> _Exercise_:
Although the data below holds other lines too, output only those from the line with "双（多）胞胎子女以捆绑方式派位的，记得要提前申请" up to and including the line with "Video 10 - Riego por goteo en frambuesas", exactly as they appear.

> _Provided records_:
--------

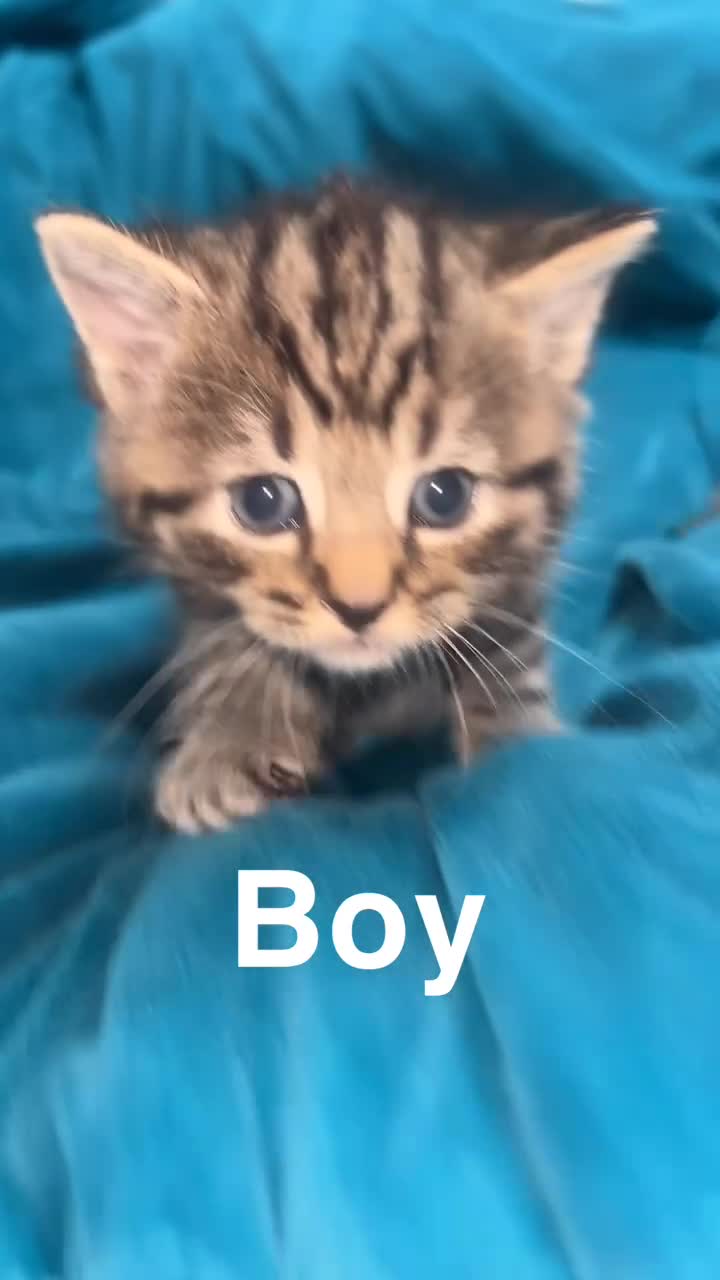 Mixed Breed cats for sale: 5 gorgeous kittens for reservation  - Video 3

--------

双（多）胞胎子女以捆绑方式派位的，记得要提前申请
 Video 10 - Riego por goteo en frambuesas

--------

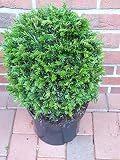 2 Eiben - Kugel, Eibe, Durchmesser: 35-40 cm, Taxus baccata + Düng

--------

> _Result below_:
双（多）胞胎子女以捆绑方式派位的，记得要提前申请
 Video 10 - Riego por goteo en frambuesas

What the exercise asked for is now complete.